We first headed for Vernal Fall. The hike to the waterfall was quite tricky due to the presence of ice everywhere.
We were glad we had hiking sticks and boots with us but it was still not easy walking.
Eventually, we got to the Mist Trail, where many hikers bypassed the closure signs. We actually went a little bit past the closure sign along the icy trail to the Lady Franklin Rock vicinity.
Given the presence of snow, we were able to scramble towards the rocky bed below Lady Franklin Rock. The rock itself was inaccessible as it was covered in ice.
From here, we saw two other photographers getting shots of Vernal Fall. It was quite unusual to see the waterfall like this with snow on the floor. Nevertheless, I’d say it was worth the slipping and sliding to get here.
After having our fill of this waterfall, we started to head back to the Happy Isles Nature Center. However, I was amazed at how many hikers continued up the John Muir Trail despite all the ice on the trail.
Back at Happy Isles, we opted to walk directly back to Curry Village, where we had a quick pizza lunch.
Afterwards, we hopped back on the shuttle and headed to Mirror Lake. From there, it was an easy walk to the partially frozen “lake.” The ice kind of obscured some of the mirror-like reflections, but the scene was still serene and picturesque just like when we first saw it three years ago.
After the brief excursion, we returned to the shuttle and then headed for Bridalveil Fall. I hadn’t been to the base of this waterfall since 2002, but now it was late afternoon and the time was right for rainbows.
Anyways, on the way over there, we made a stop at the Bridalveil Fall view from across the Merced. The late afternoon light against the blue skies were attractive, though the Merced River that ran across the foreground remained in shadow and also flanked by snow.

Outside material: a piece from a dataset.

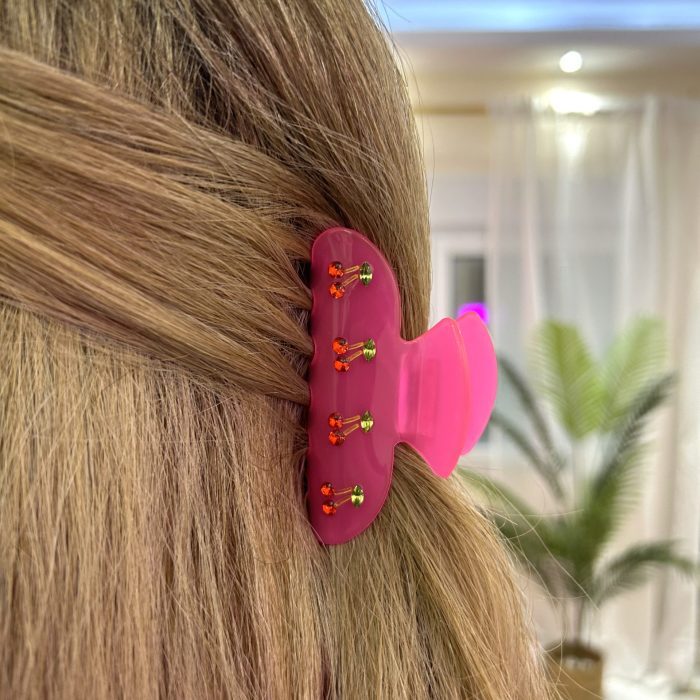 CHERRY HAIR CLAW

The car park at the waterfall was icy and also busy. Right off the bat, we could see a rainbow cutting across the white plumge of water as we looked in the direction of Bridalveil Fall between the trees. That only hastened our desire to get to the base as soon as we could while the sun was still up.
We managed to park the car then quickly take the short walk to its base. We managed to get through some of the tricky icy sections of the paved walk before we were at the base of Bridalveil Fall.

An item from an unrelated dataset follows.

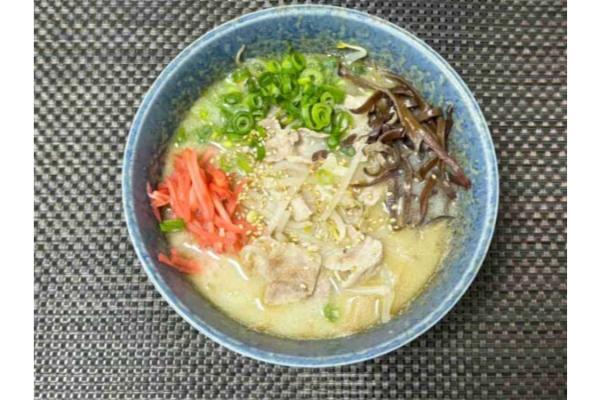 罪悪感なし！簡単おいしいヘルシーな「とんこつラーメン風豚もやし」作ってみた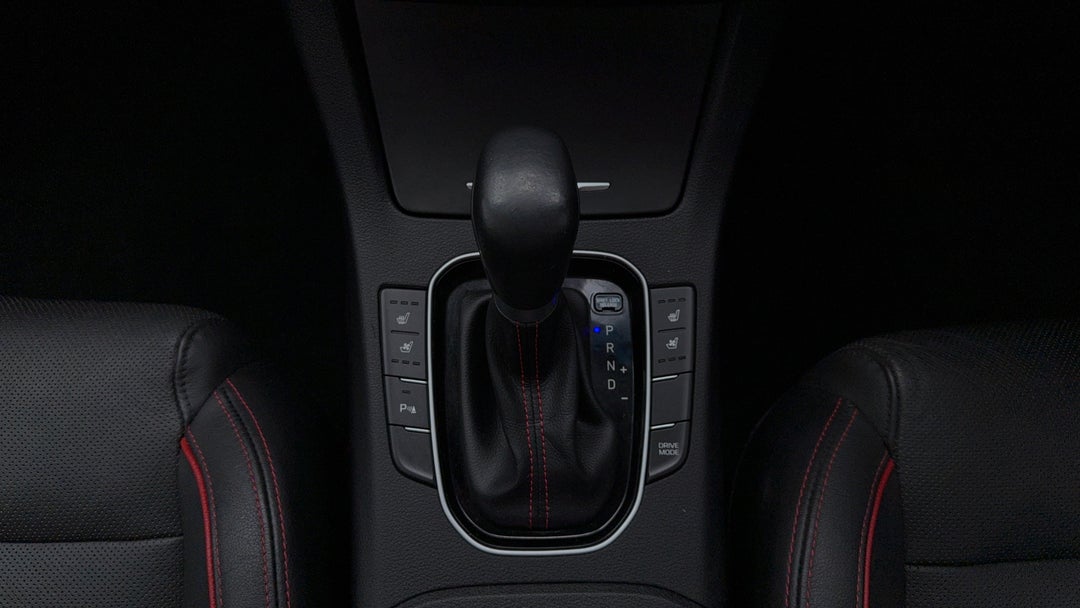 2018 Hyundai i30 Sr Premium, Automatic, 95740 km, Gear Lever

We were greeted with a gorgeous rainbow in its mist, but unfortunately that mist also made it hard to take photos. Even with its light flow, photographing the waterfall from here was challenging. It was strange to see the flowing column of water bordered by white ice clinging to the walls around it. It kind of framed the waterfall in a weird way as if it had put a skirt on.

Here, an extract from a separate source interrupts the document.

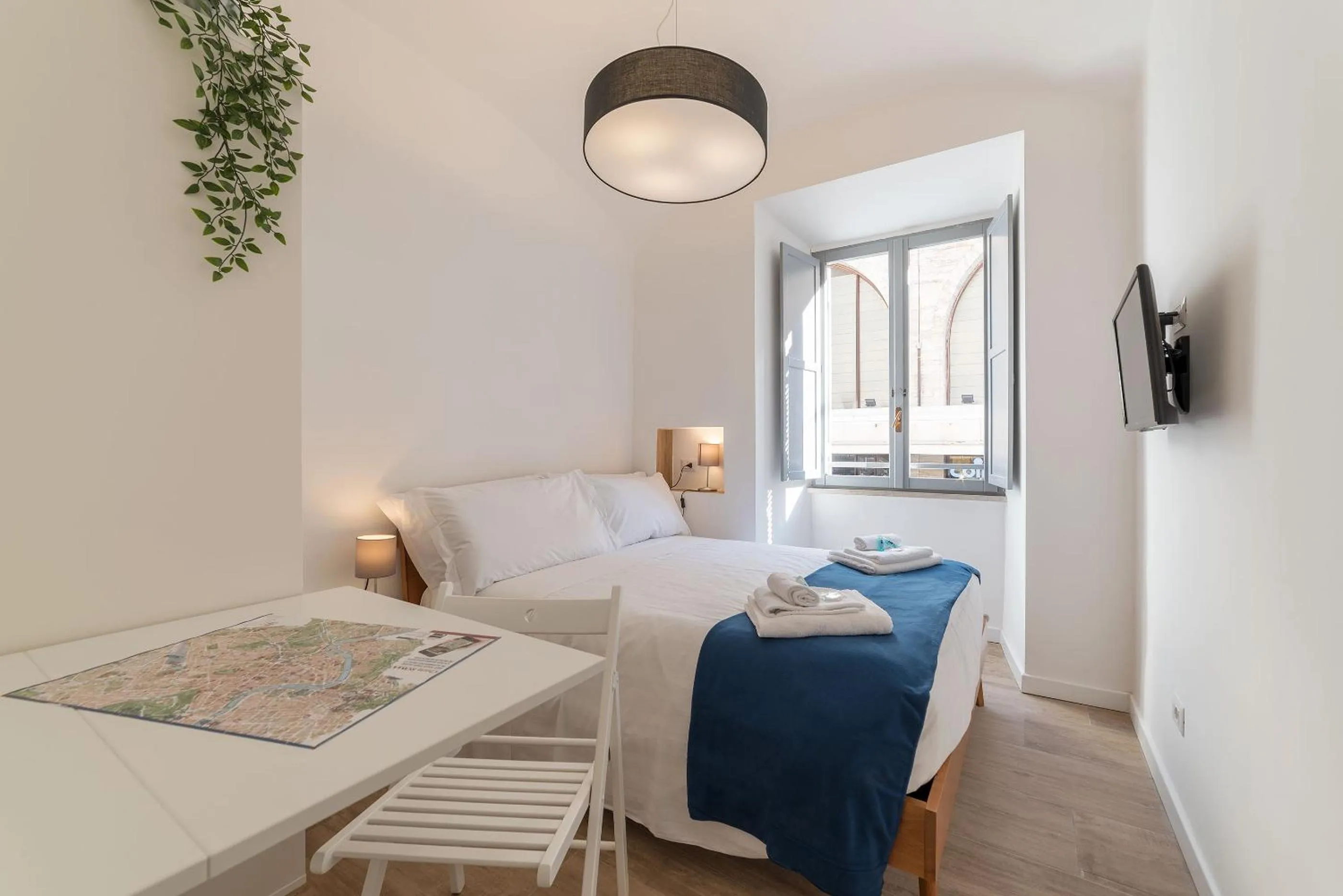 Photo of the whole room, Bed in Roma Station House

Anyhow, we weren’t able to take any satisfactory photos with the rainbow, but it was quite an experience to be back at the base of the waterfall. When the rainbow disappeared and the soft orange glow of sunset gave way to shadows, it was time to head back to Curry Village.
We returned to Curry Village in time for their somewhat reasonably-priced buffet. It had ordinary food, but it was quite busy for a not-so-busy season in the park. In addition to the Valley’s day visitors, many others had returned from skiing at Badger Pass.
When the dinner was about over, a local live band called the Rock Slide performed a mix of country western and blues. It was quite cool to see kids and elders doing a western swing dance to the likes of Fleetwood Mac’s Dreams. Even Julie and I got into the mood and joined them – trying to somehow fit our East Coast Swing basics into the Country Western Swing that better fit the occasion.
Even through the slipping and sliding adventure on the John Muir Trail, the day was very relaxing. It really gave us the chance to quietly appreciate the soothing silence of winter in the valley – broken only by the occasional crashing sounds of ice and snow that were unable to cling to the vertical cliffs.